* **TASK DATA**:
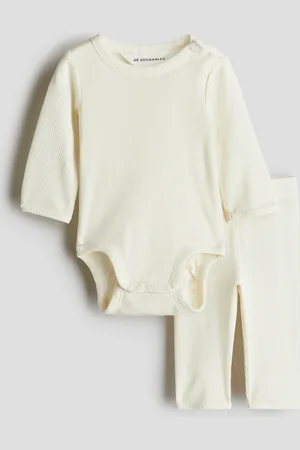 H&M Set in jersey di seta 2 pezzi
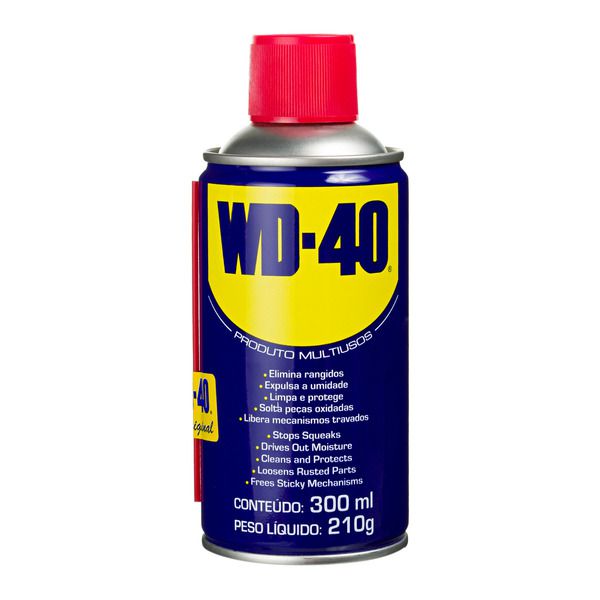 OLEO LUBRIFICANTE ANTICORROSIVO 300ML WD-40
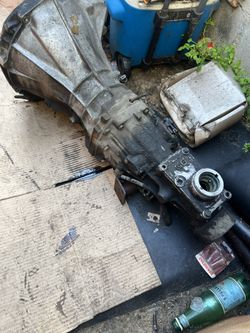 Nissan D21 Hardbody Transmission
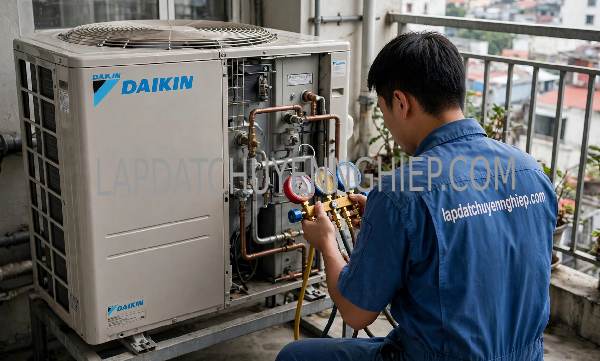 lắp đặt máy lạnh phường Tam Thắng TPHCM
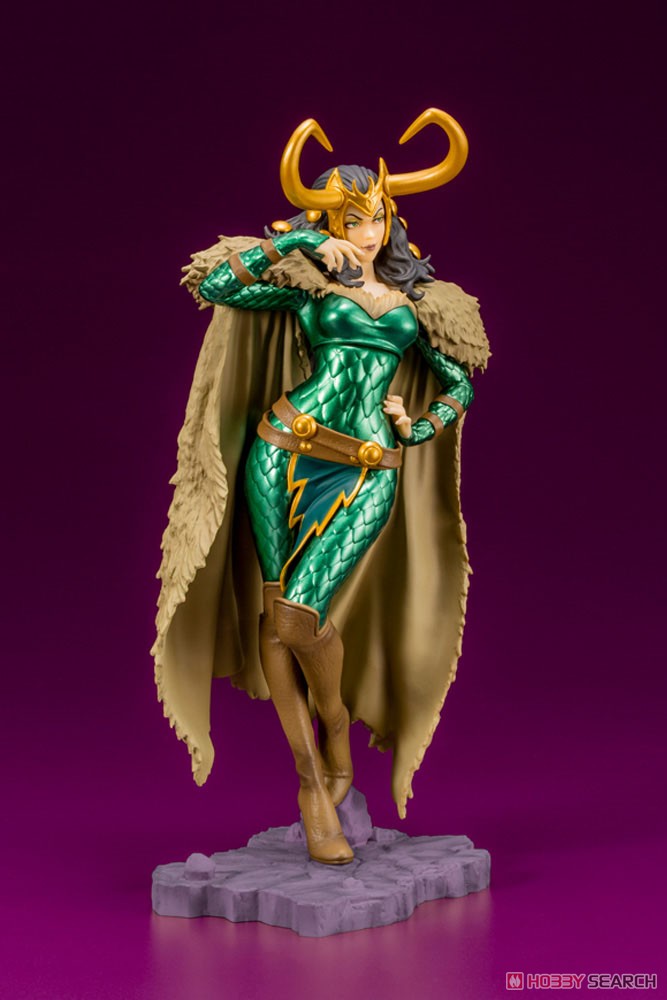 MARVEL美少女 レディ・ロキ (完成品) - ホビーサーチ ロボット・特撮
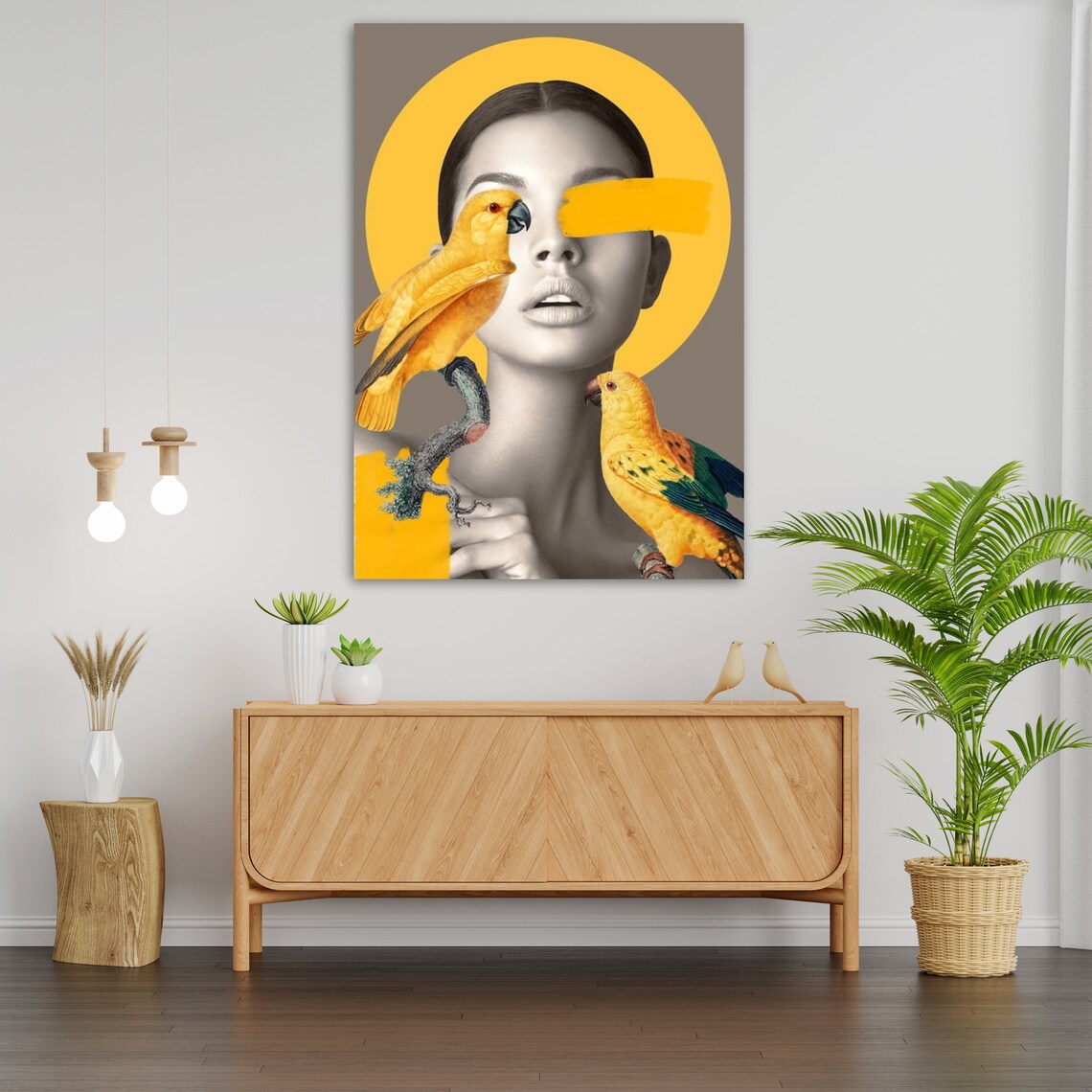 Abstract Painting, Contemporary Home Decor - Image 4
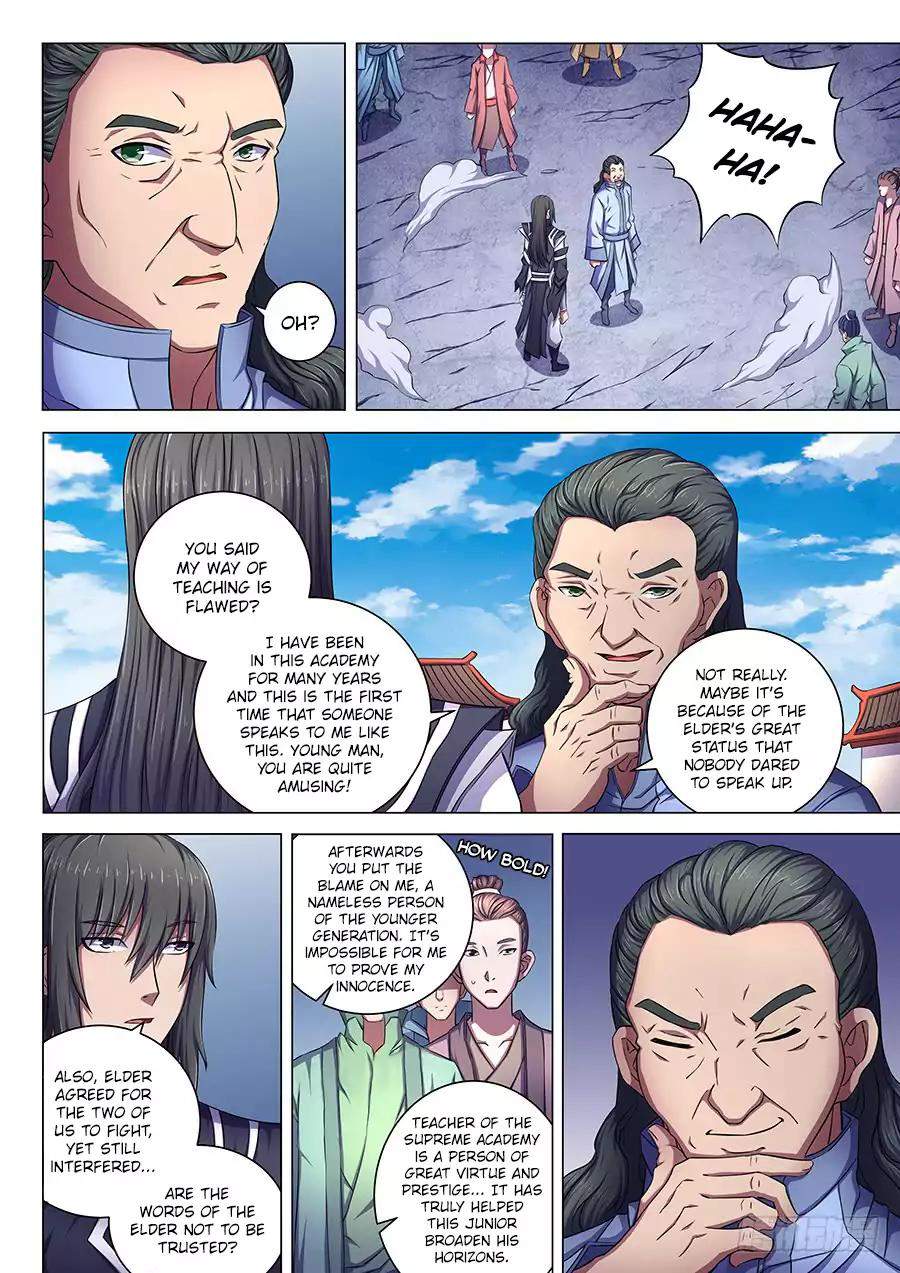 God of Martial Arts Chapter 64.2 - page 4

* **DIRECTIONS**: Should there be pictures in the data, leave them out and return the rest exactly.

* **SOLUTION TO THIS TASK**:
 H&M Set in jersey di seta 2 pezzi
 OLEO LUBRIFICANTE ANTICORROSIVO 300ML WD-40
 Nissan D21 Hardbody Transmission
 lắp đặt máy lạnh phường Tam Thắng TPHCM
 MARVEL美少女 レディ・ロキ (完成品) - ホビーサーチ ロボット・特撮
 Abstract Painting, Contemporary Home Decor - Image 4
 God of Martial Arts Chapter 64.2 - page 4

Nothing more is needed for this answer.